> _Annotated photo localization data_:
+++++
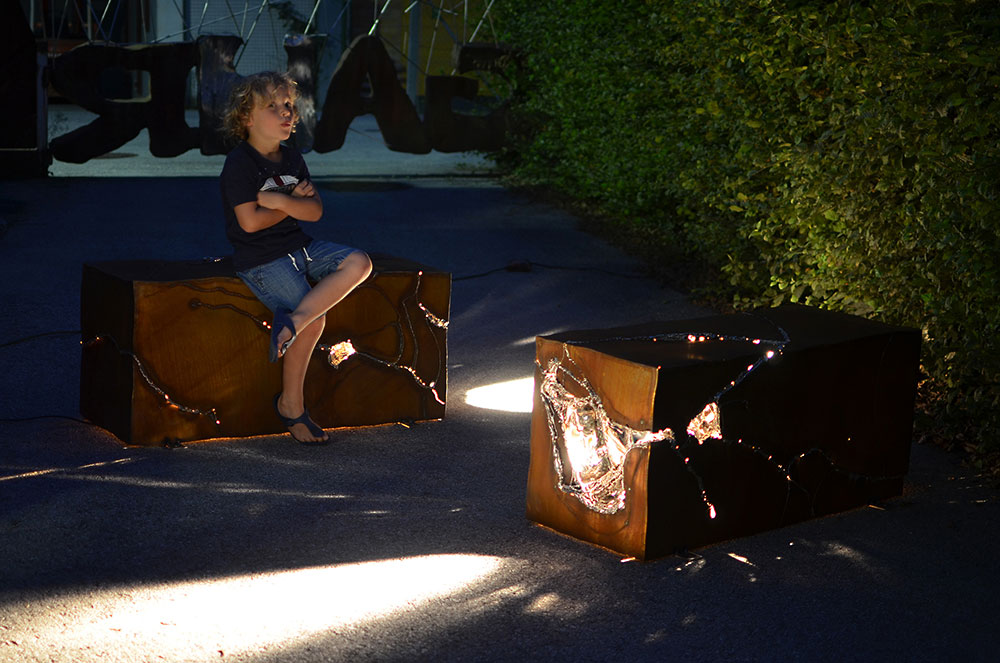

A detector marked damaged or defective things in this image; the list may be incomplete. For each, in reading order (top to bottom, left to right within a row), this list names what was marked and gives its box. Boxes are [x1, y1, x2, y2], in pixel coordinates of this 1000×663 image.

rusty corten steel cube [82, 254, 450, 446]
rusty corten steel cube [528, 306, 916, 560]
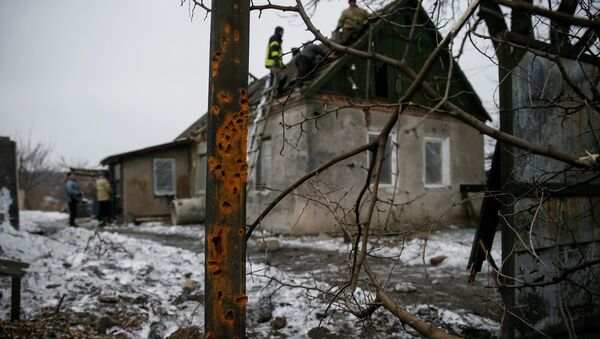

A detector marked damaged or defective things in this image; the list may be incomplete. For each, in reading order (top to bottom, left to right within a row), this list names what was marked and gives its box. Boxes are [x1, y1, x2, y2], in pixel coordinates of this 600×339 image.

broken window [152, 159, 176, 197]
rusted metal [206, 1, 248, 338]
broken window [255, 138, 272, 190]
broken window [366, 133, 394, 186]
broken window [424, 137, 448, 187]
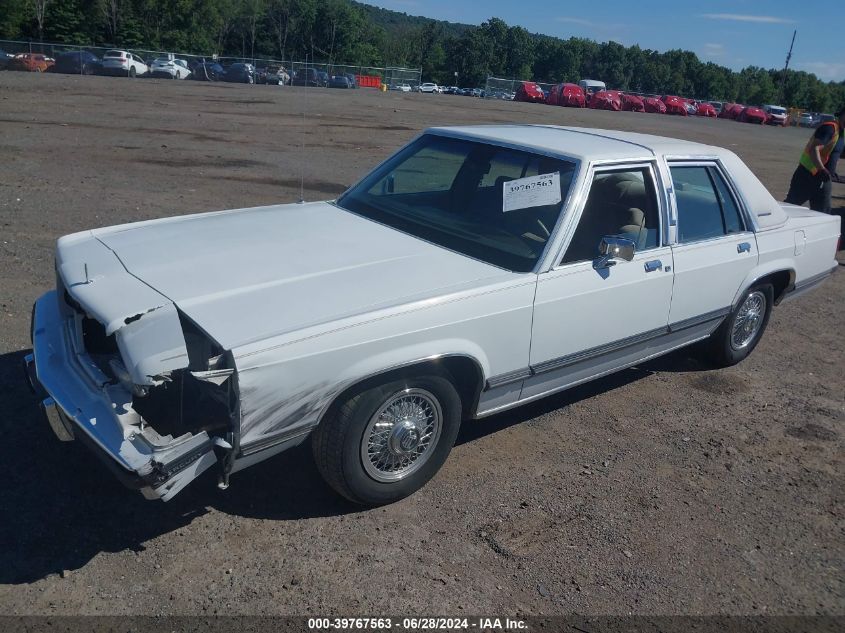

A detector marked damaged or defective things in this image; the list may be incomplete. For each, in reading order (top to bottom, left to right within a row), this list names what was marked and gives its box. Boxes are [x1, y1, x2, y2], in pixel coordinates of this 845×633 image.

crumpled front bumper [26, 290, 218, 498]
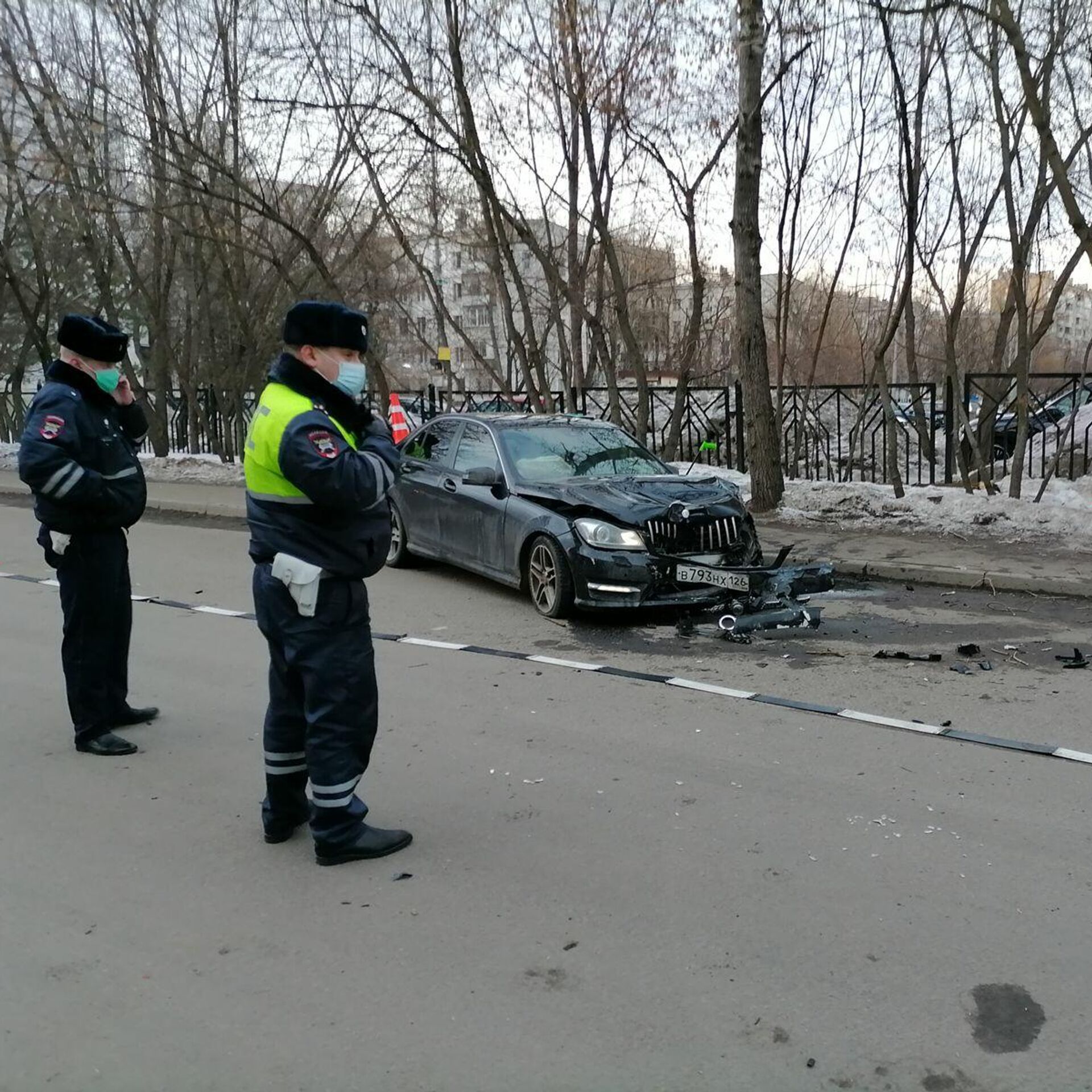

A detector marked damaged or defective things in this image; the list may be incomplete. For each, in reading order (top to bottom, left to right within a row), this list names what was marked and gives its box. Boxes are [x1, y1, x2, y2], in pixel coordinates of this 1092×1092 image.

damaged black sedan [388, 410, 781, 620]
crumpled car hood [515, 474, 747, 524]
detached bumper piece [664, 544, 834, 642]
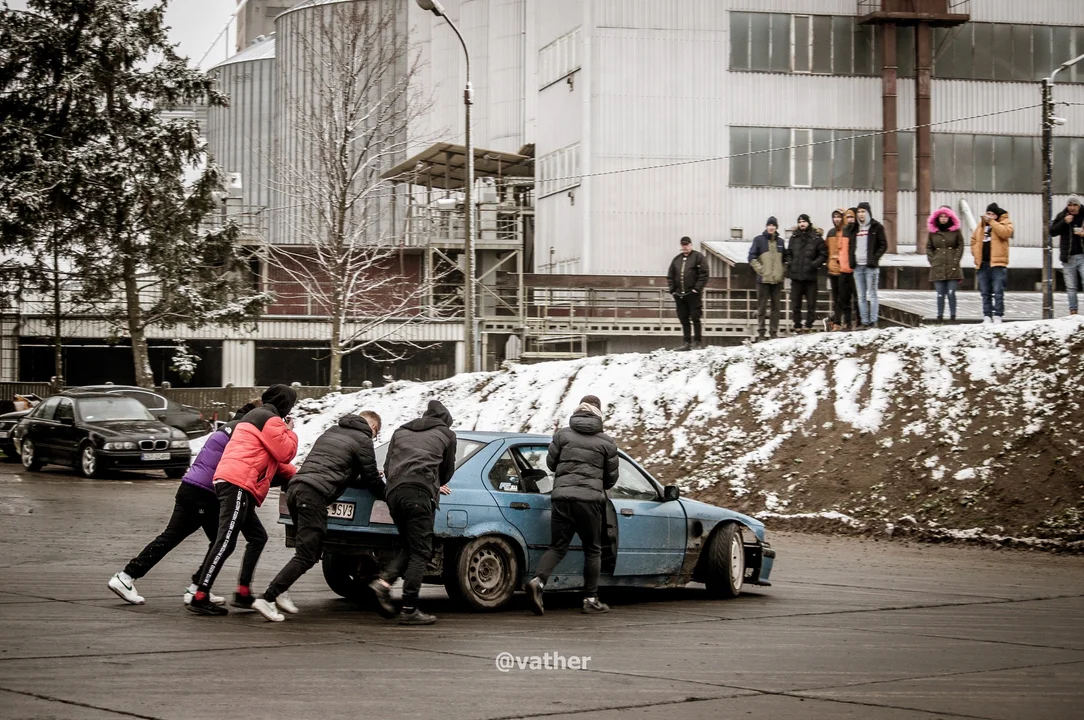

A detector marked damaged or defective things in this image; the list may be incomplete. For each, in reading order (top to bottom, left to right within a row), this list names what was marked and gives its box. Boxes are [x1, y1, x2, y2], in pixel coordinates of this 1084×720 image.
+++++
> _Assignment_:
Return every entry unchanged and skip the pictures.

> _Exercise result_:
A detector marked damaged or defective things in this image; the list may be incomplete. For each, in reading order (top to bottom, left to right within a row), this list names what was marked and gives its box. Boxes are [x1, y1, x2, y2], in pixel coordinates of this 1000×663 image.

rusty corten steel cube [82, 254, 450, 446]
rusty corten steel cube [528, 306, 916, 560]

A detector marked damaged or defective things in this image; the list may be incomplete. For each, in reading order (top to bottom, left to right within a row), this list names what was marked and gives its box. Boxes are [x1, y1, x2, y2], in pixel coordinates of this 600×339 image.

broken window [152, 159, 176, 197]
rusted metal [206, 1, 248, 338]
broken window [255, 138, 272, 190]
broken window [366, 133, 394, 186]
broken window [424, 137, 448, 187]

A detector marked damaged or defective things in this image; the list may be incomplete. For each, in reading order (top to bottom, left to right within a row), this list names what was marked and gives its box. Boxes are [x1, y1, x2, y2], in pixel coordinates of this 845×633 image.

crumpled front bumper [26, 290, 218, 498]

A detector marked damaged or defective things in this image; the list may be incomplete. For each, in reading order (top to bottom, left to right within a row), this list names what was marked and gives its box. Boxes are [x1, y1, x2, y2], in pixel coordinates of this 1092×1092 image.

damaged black sedan [388, 410, 781, 620]
crumpled car hood [515, 474, 747, 524]
detached bumper piece [664, 544, 834, 642]

A detector marked damaged or defective things in this image; the list may be incomplete. For each, in reading order (top to bottom, left to right within a row), this list names what was marked and gives its box. Boxes are [x1, y1, x2, y2], in pixel coordinates of this 1084×720 image.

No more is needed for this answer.